This is a difficult barrier to navigate; in fact, the reality is that some folks just won’t be able to attend your online event. But do make efforts to show your awareness of the issue, such as offering options for calling in, and providing documentation and content in advance, perhaps even by mail, and video links for downloading prior to the event.
When you are including rural and remote Canadians make sure your speakers are aware of ways in which they can present using tools that are light on download.
Also, quite often it helps to improve the overall experience to ask participants to turn off their screens for those times when rural Internet connectivity fluctuates.
The other obvious barrier affect anyone without access to the Internet due to economic and financial factors. For some online conference organizers it may be possible to create communal access points to boost participation among these groups of people.
There are two basic options to allow users to read along the spoken content presented:
- A person can be assigned with the task to Close Caption the meeting as it unfolds. This is an existing function within Zoom, for instance.
- An AI-based application, likeai can be seamlessly integrated with Zoom, for instance, to create a live machine-generated transcription. Otter.ai allows for some training of the application to aid with more reliable recognition of technical language or names, for instance.
The AI-based live transcription will have some error rate, but in our experience it is a useful tool despite those errors. Errors can also be generated by the human close captioning provider; the reduce errors due to fatigue it is advised to use a team of people to provide this function when it is essential.
Should a speaker’s presentation be available as a complete written text in advance that can be used within the live meeting to provide closed captioning as well.

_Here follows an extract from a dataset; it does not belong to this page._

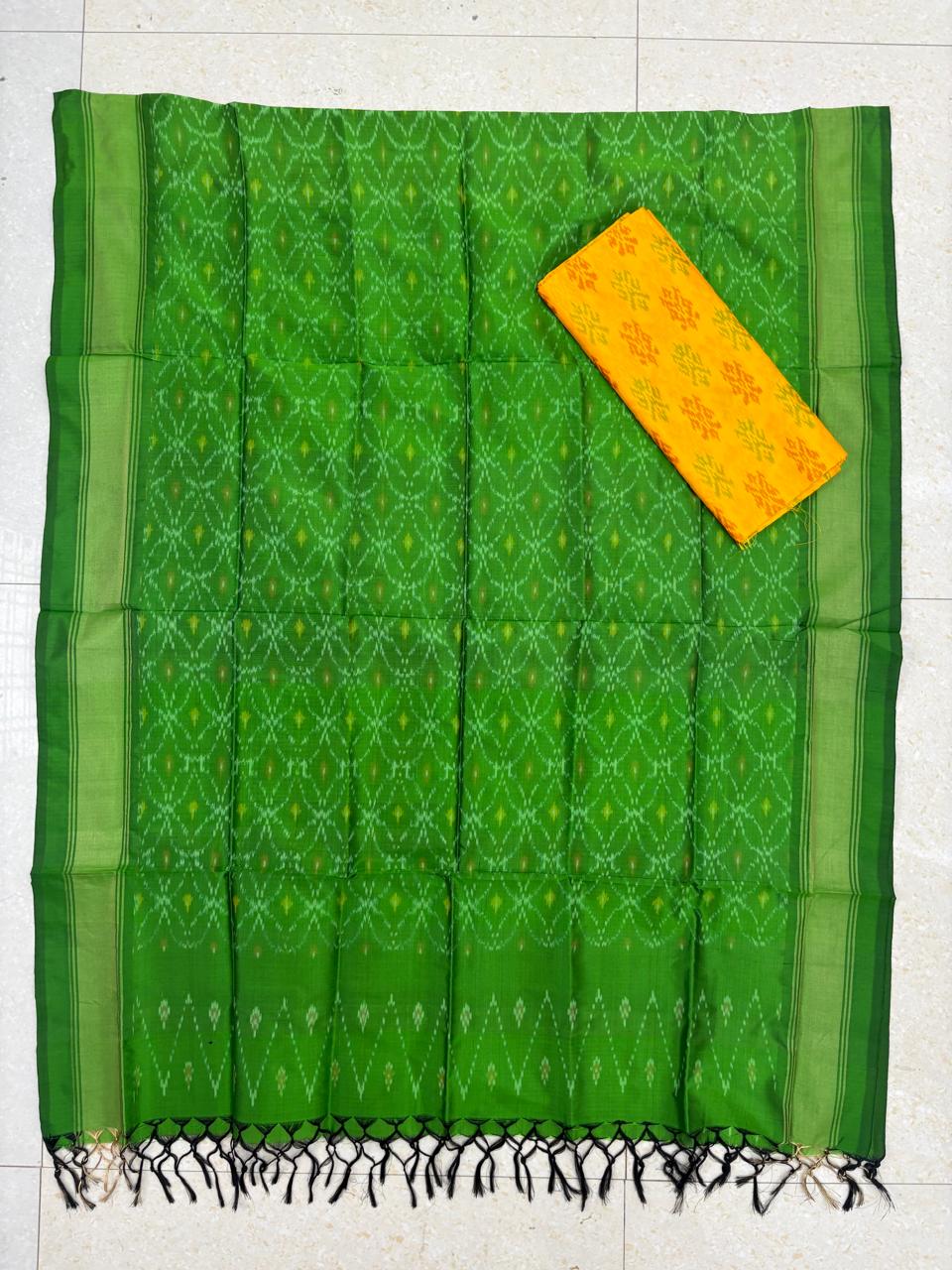 IKKAT SILK SUITE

Sign Language Interpretation
Hiring a sign language interpreter allows people with hearing impairments to participate. The sign language interpreter can work in both directions: signing the speakers, as well as verbalizing the signed comments from hearing-impaired participants. Those requiring interpretation can pin the Interpreter to appear in the main window of the video platform they use.
Respect for Diversity
Being mindful of the power imbalances to that exist for groups from different cultural and racial backgrounds is important in designing your online conference or event. Moving beyond tokenism and lip-service is an opportunity online conferences and events can seize.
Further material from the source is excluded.